(Given material)
+---+

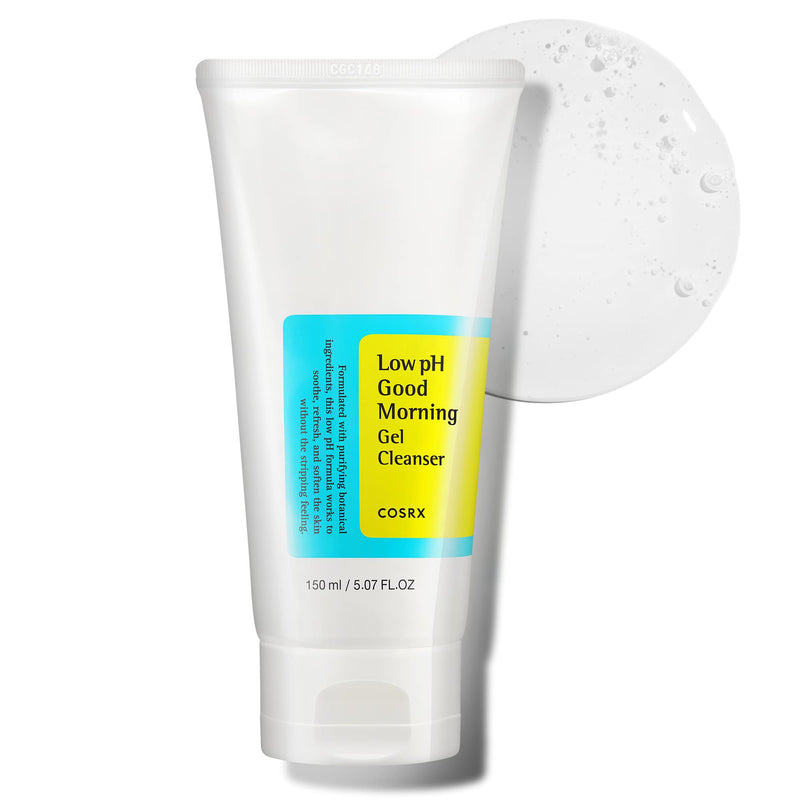 COSRX Low pH Good Morning Gel Cleanser, 5.07 fl.oz / 150ml | Mild Face Cleanser | Korean Skin Care for Acne Prone Skin, PH Balancing, Anti Acne, Breakouts Treatment 5.07 Fl Oz (Pack of 1)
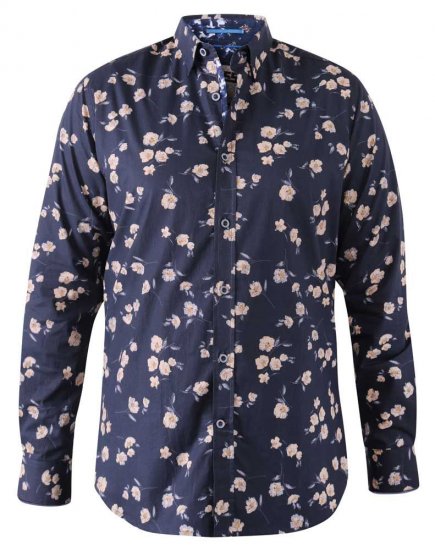 D555 Rooksey Floral Print Shirt Navy - Ризи - мъжки ризи големи размери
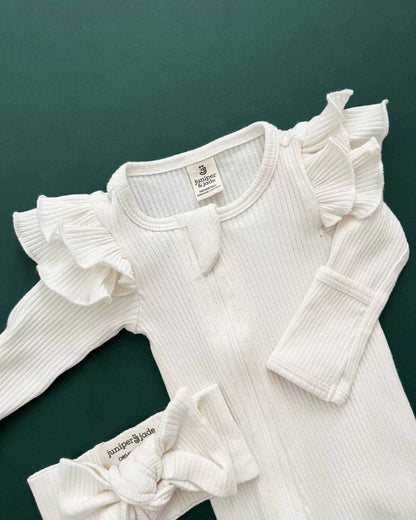 Organic Baby Zip Footie Set | Milk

+---+

(Assignment) Please output each line above exactly and omit all images.

(Output of the exercise)
 COSRX Low pH Good Morning Gel Cleanser, 5.07 fl.oz / 150ml | Mild Face Cleanser | Korean Skin Care for Acne Prone Skin, PH Balancing, Anti Acne, Breakouts Treatment 5.07 Fl Oz (Pack of 1)
 D555 Rooksey Floral Print Shirt Navy - Ризи - мъжки ризи големи размери
 Organic Baby Zip Footie Set | Milk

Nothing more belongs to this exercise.